### Exercise inputs

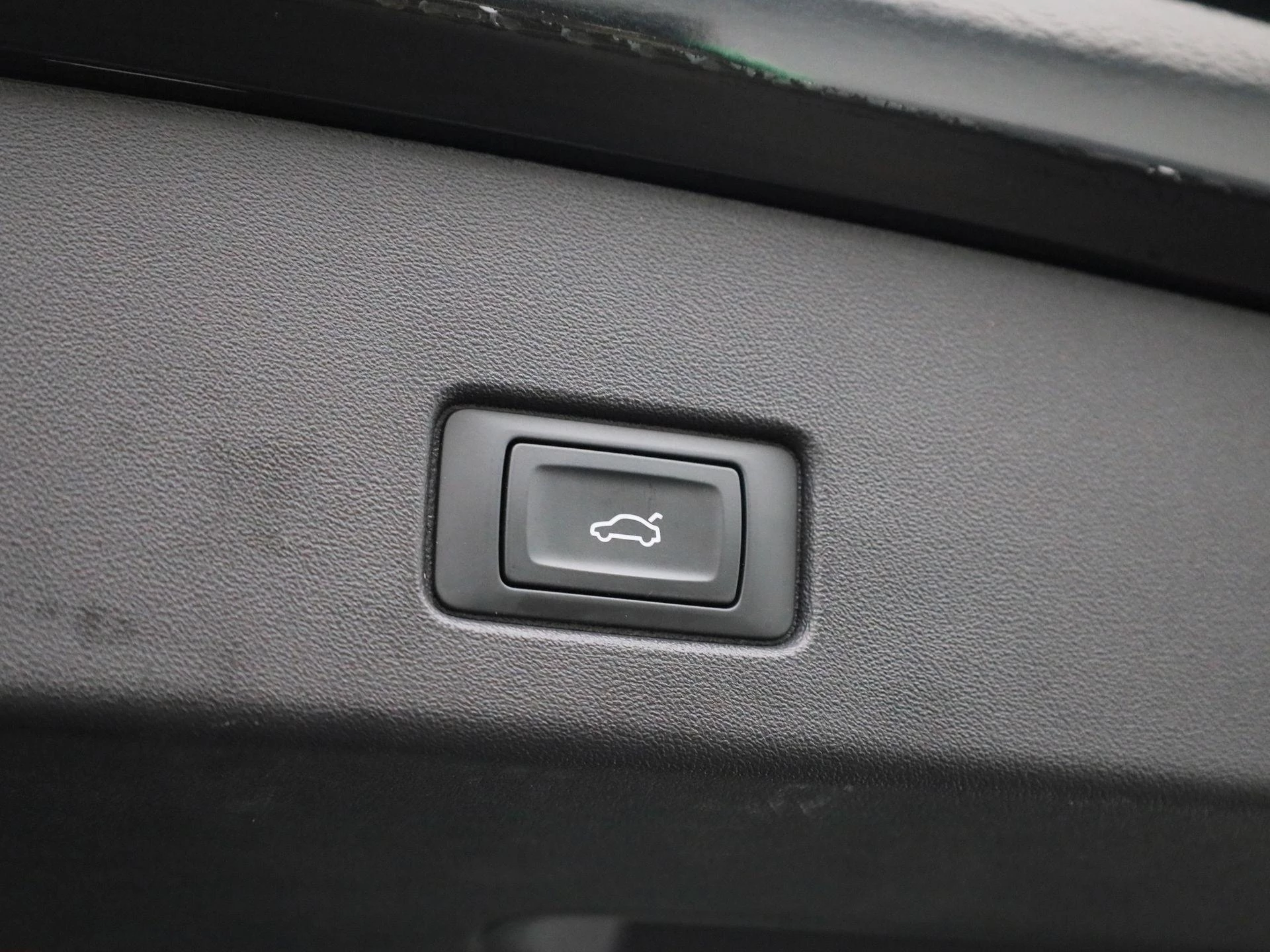 Audi-Q4 e-tron-image-14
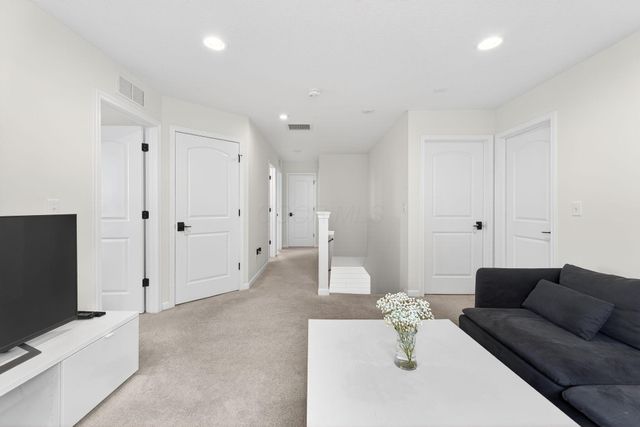 3839 Mystic Way, Grove City, OH 43123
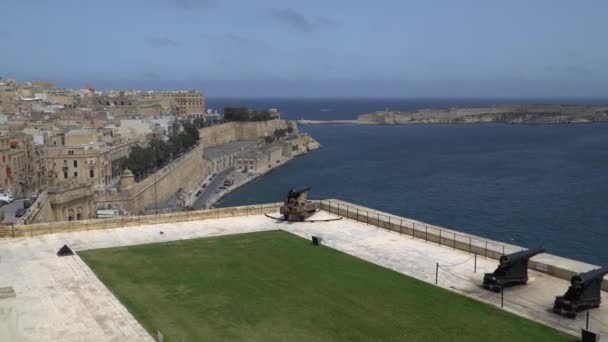 Valletta - Malta, duben, 2018: Pohled na Středozemní moře, Saint Angelo a ostrov Malta od pobřeží Valletty. — Stock video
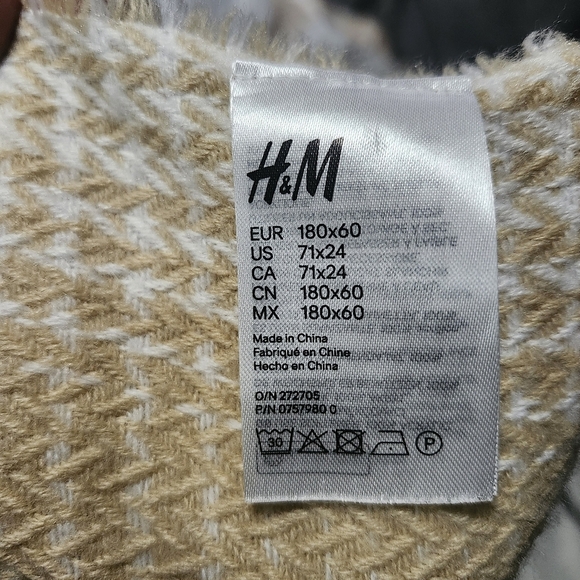 H&M women's plaid scarf cream 71×24 - Picture 2 of 3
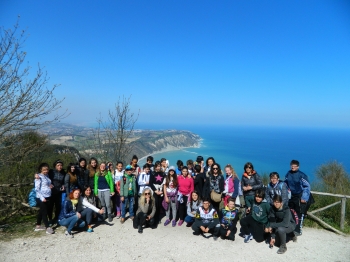 Gli studenti dei Sibillini in visita al Parco del Conero passando da Loreto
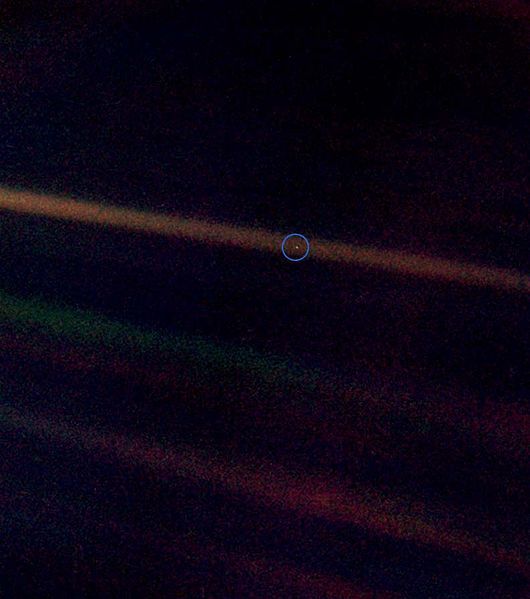 'Pale Blue Dot.' Diambil jutaan kilometer jauhnya di luar angkasa, di foto ini Bumi hanya titik kecil yang hampir tak terlihat.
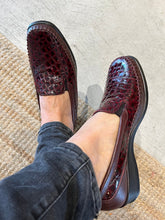 Load image into Gallery viewer, TESSELLI Irene Bordeaux Croc Ladies Patent Loafer
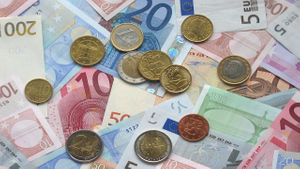 Курс евро на Мосбирже поднялся до 95 рублей впервые с 2014 года
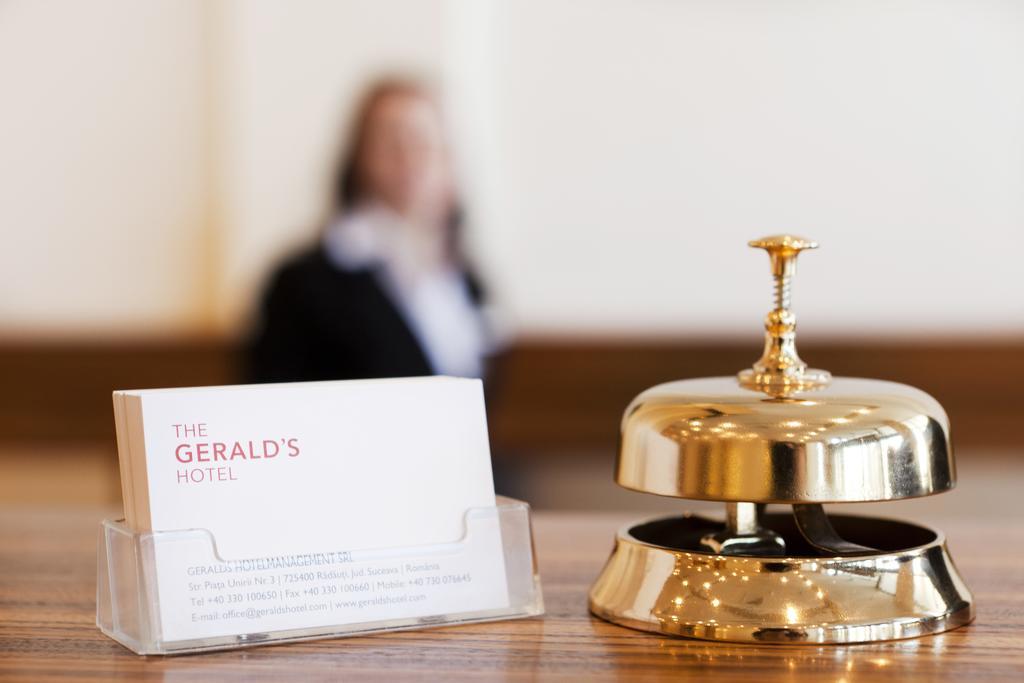 The Gerald'S Hotel Rădăuţi Dış mekan fotoğraf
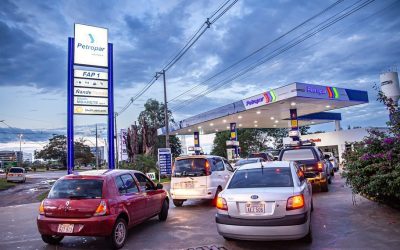 Ínfima reducción en el precio de la nafta 88 y el gas desde el viernes en Petropar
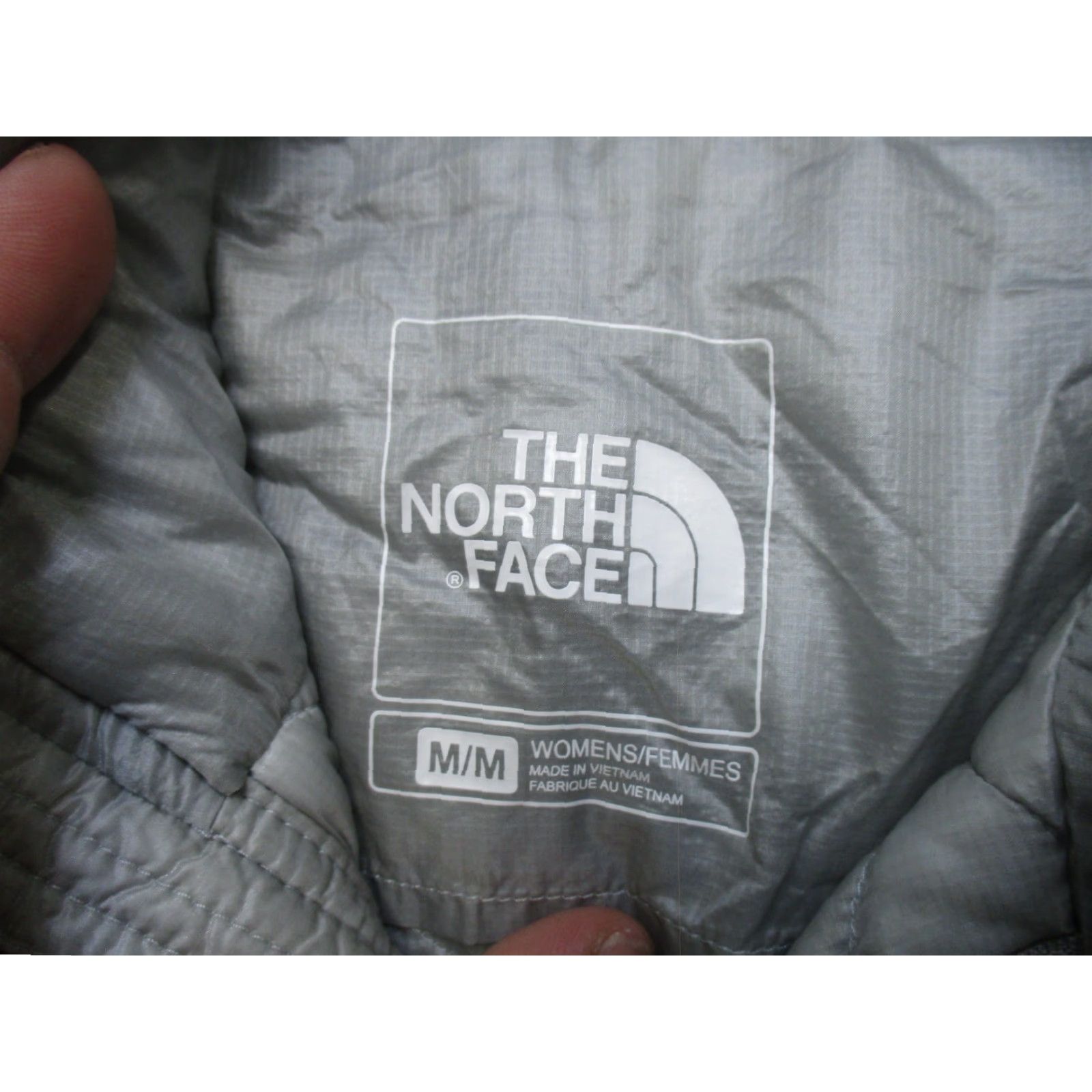 The North Face VINTAGE? No. The North Face Vest Womens M Gray ThermoBall Quilted Puffer Insulated Hiking Size M / US 6-8 / IT 42-44 - 7 Thumbnail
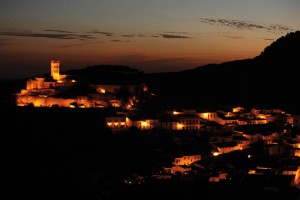 almonaster_vista_nocturna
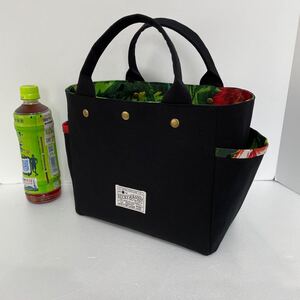 11号帆布サイドポケットのトートバッグ 黒とハイビスカス ハンドメイド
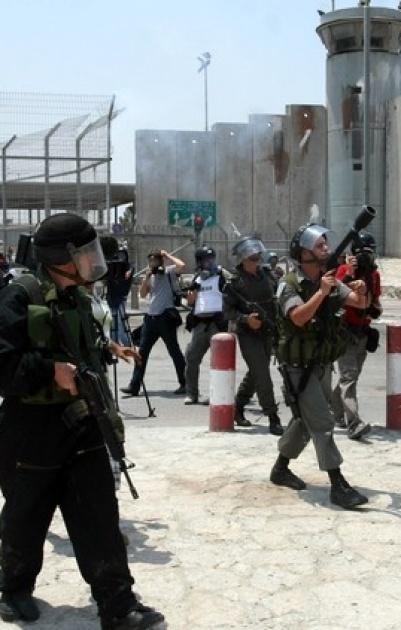 مستوطن يطلق النار بالقرب من حاجز حزما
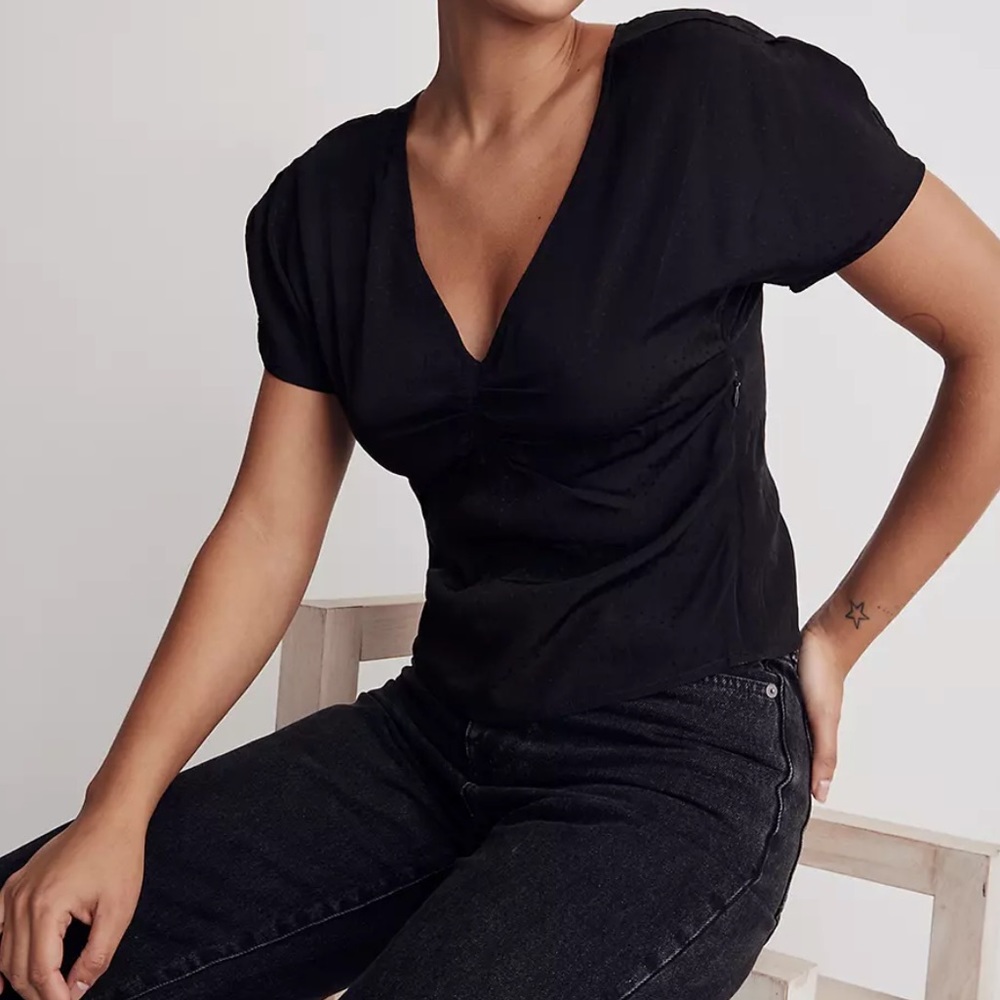 NWT Puff sleeve top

######

Take the lines above starting at the one containing "hampir tak terlihat." and ending at the one containing "The North Face VINTAGE?", and print them again exactly, without pictures.

 'Pale Blue Dot.' Diambil jutaan kilometer jauhnya di luar angkasa, di foto ini Bumi hanya titik kecil yang hampir tak terlihat.
 Load image into Gallery viewer, TESSELLI Irene Bordeaux Croc Ladies Patent Loafer
 Курс евро на Мосбирже поднялся до 95 рублей впервые с 2014 года
 The Gerald'S Hotel Rădăuţi Dış mekan fotoğraf
 Ínfima reducción en el precio de la nafta 88 y el gas desde el viernes en Petropar
 The North Face VINTAGE? No. The North Face Vest Womens M Gray ThermoBall Quilted Puffer Insulated Hiking Size M / US 6-8 / IT 42-44 - 7 Thumbnail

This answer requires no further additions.